The familiar logo was pretty complex, recalls Blickhäuser with a nod towards the symbol. It was a showcase for special effects; everything that was technologically feasible in 1997 was thrown in—convexity, textured effects, shading. The popular BMW propeller whirled through the world of advertising as a three dimensional badge while Pierce Brosnan remotely controlled a BMW 750 iL with a smartphone—and that was where the connection to the digital world ended. And why not? Times have changed, and so has the way we look at things. Generations Y and Z have absorbed different kinds of socialisation, different conditioning. Fast-paced video cuts demand even faster readability. Logos are responding by becoming simpler. An examination of the top 50 global brands shows a tendency to embrace strong, striking shapes. Nike is the only brand among them that has not changed its logo since the year 2000. 2D logos have always sent out stronger signals, created a more powerful image. And, of course, digital graphics spelt doom for over-elaborate effects. Asked whether the latest change was driven by rough necessity or simply an overdue move to fall into step with a major trend, Blickhäuser replies, We didn’t become trendy. We retained the structure of the BMW logo and kept it as minimalist as possible, and as characteristic as necessary.

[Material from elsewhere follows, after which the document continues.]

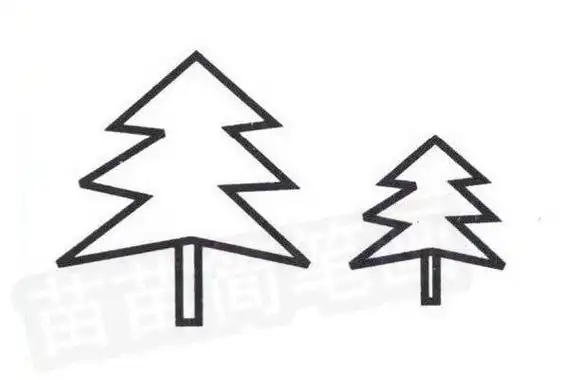 strong>松树简笔画 /strong>步骤图解教程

The brand specialists have now fundamentally simplified everything to produce a flat design whose impact comes from just two colours—blue and white—inside a transparent ring. This modified imagery is about more than contemporary taste. Its aim is to act as a visual bridge between the brand and its customers’ world. An optimistic Blickhäuser announces, We’re bringing the customers into our brand world. BMW can now treat its logo more playfully and move through different backgrounds, he continues, rendering communication more flexible, more modern and more contemporary. The shift in attitude can be seen most clearly in the positioning of the logo. In the old analogue days, it was simply parked in the image layer of a module, radiating all the superiority of a seal of quality, yet relatively detached from its environment. After all, BMW was BMW. Today our goal is to build relationships with our customers, affirms Blickhäuser. This task is performed by the transparent ring directly in the image layer, communicating hope and, at the same time, the idea that this is where two areas meet, where the customer’s world becomes part of the brand logo.

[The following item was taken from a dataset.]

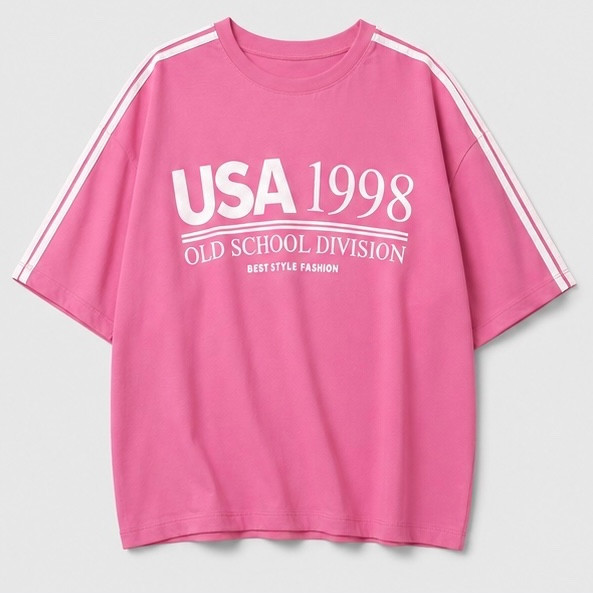تیشرت باکسی طرح USA 1998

To express this, BMW has adopted a new term: relationship brand. The Bavarian Motor Works no longer plan to rely solely on their sporty image, their no-holds-barred claim to premium status (more of that later) or their technical superiority. They plan to transform themselves into customer whisperers and establish relationships with people who move through the digital world with natural assurance—and occasionally subject the purpose of companies to close scrutiny. What if customers choose precisely this point to hitch their purchase decision to? Where is the purpose of the company, where is the relationship of the BMW Group to society? Or, in this case: What contribution is being made by the BMW Group to ensure that in future, there will still be people that can afford automobility from an environmental point of view? The brand attitude has changed somewhat from a status-driven mindset to the role of a responsible companion and trailblazer for our customers, is how Blickhäuser expresses the challenge, adding, The purely sports-focused target groups will not be enough for the BMW brand in the future. Pierce Brosnan was an icon of machismo and cool in 1997; today the dominant characteristics are lightness, transparency, digitisation and simplicity, even for a sporty brand like BMW. The old logo from the analogue world was simply not enough.